• What you need to do
Pictures aside, reproduce exactly each line from the one holding "-仟吉·ART FARM主题店(菱角湖万达店)" through the last line of the material, both ends included.

• Excerpted data
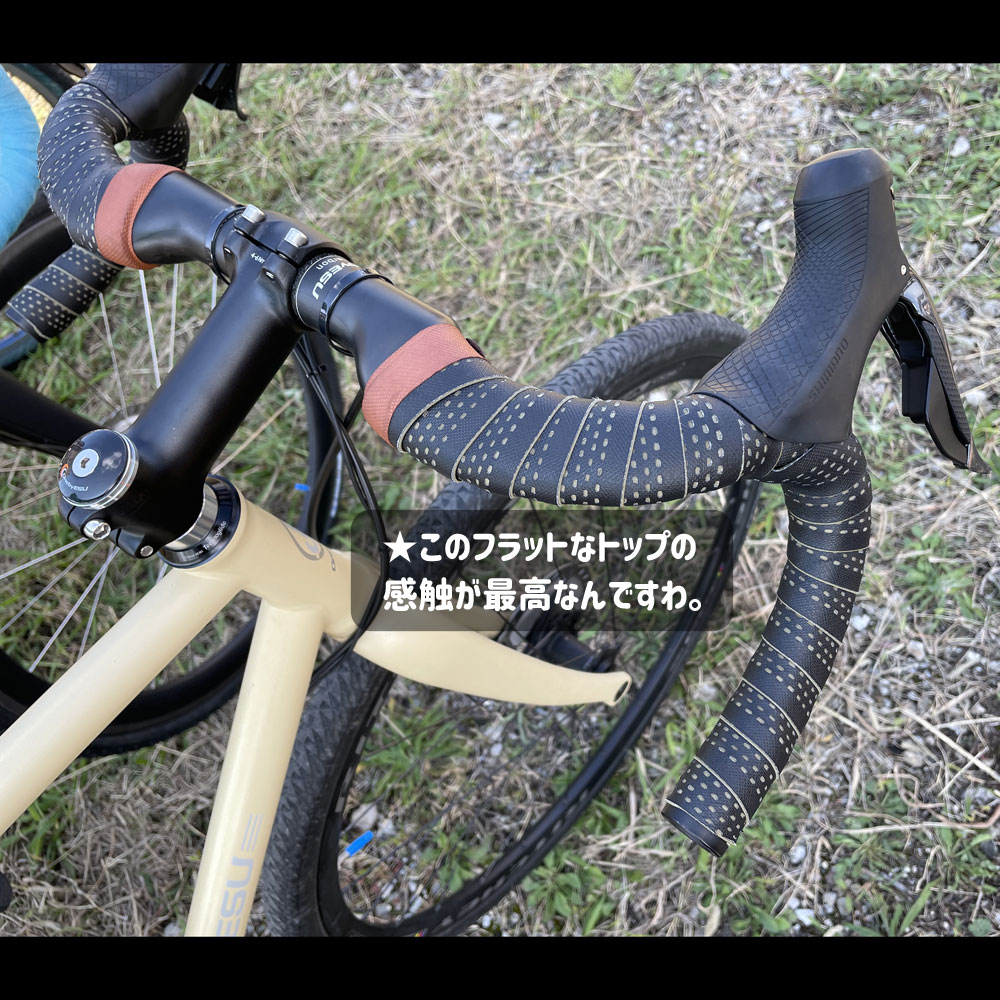 ワンバイエス ジェイカーボンマホラ スエヒロ バークランプ径：31.8mm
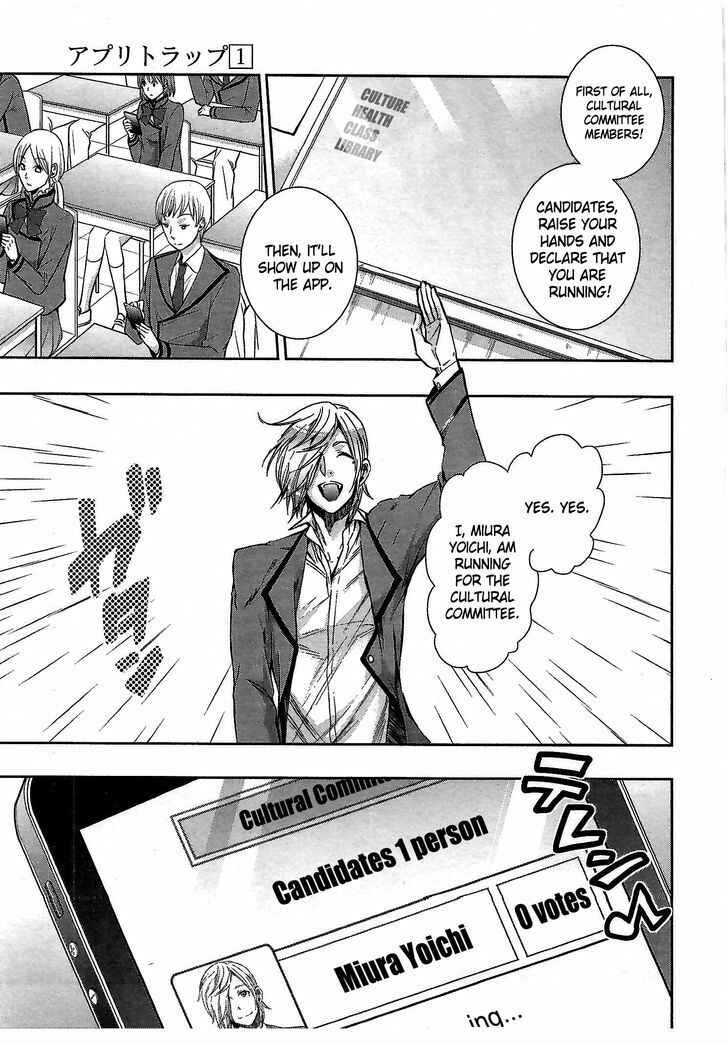 Page 17 Chapter 3 Appli-Trap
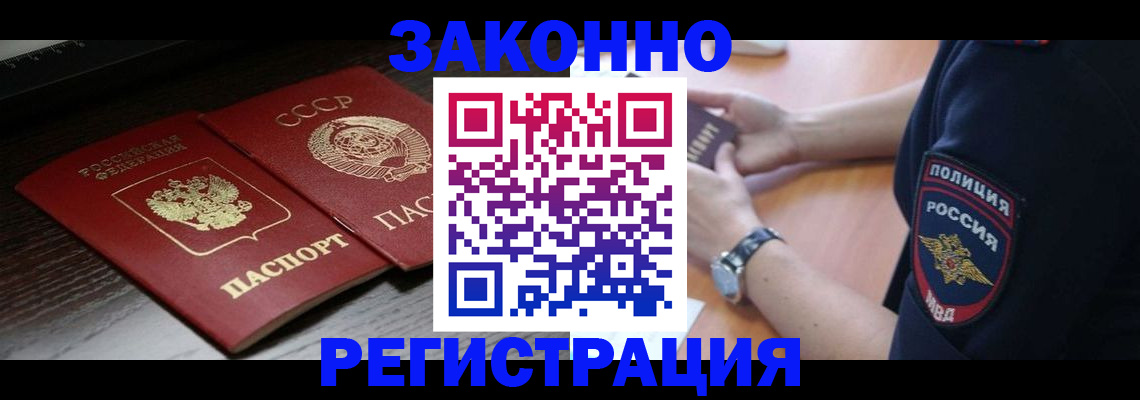 прописка законно в Ирбите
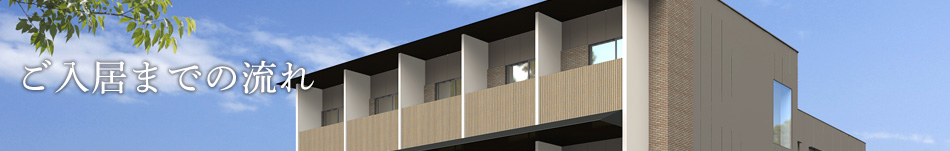 ご入居までの流れ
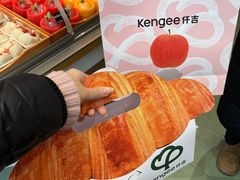-仟吉·ART FARM主题店(菱角湖万达店)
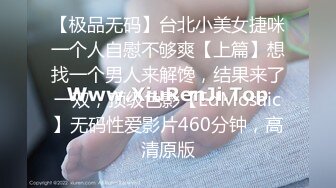 STP32721 蜜桃影像传媒 PMTC044 同城约啪上的美女警官被操到叫爸爸 白熙雨 VIP0600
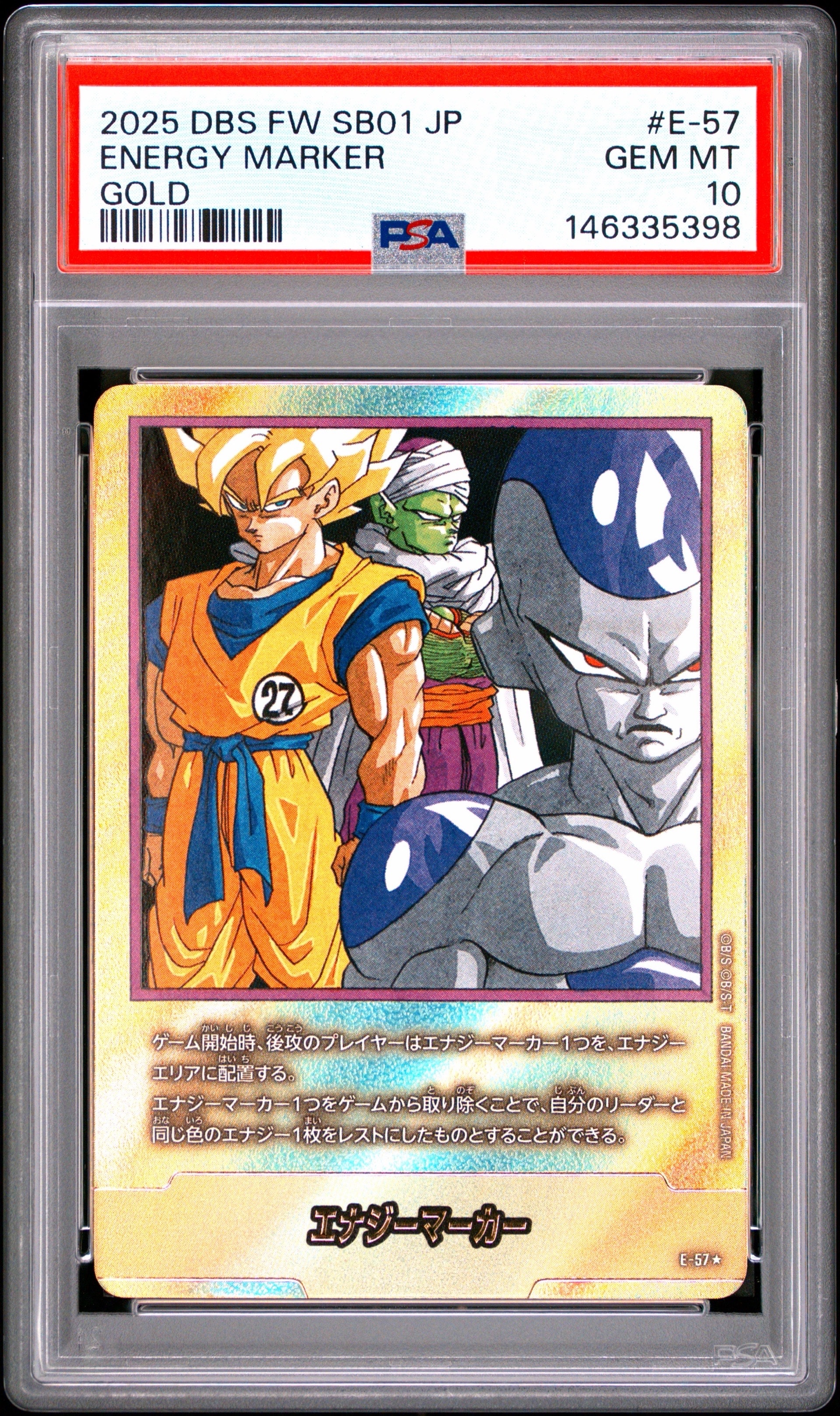 PSA10】エナジーマーカー ☆ [E-57](フュージョンワールド「MANGA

• Written response
-仟吉·ART FARM主题店(菱角湖万达店)
 STP32721 蜜桃影像传媒 PMTC044 同城约啪上的美女警官被操到叫爸爸 白熙雨 VIP0600
 PSA10】エナジーマーカー ☆ [E-57](フュージョンワールド「MANGA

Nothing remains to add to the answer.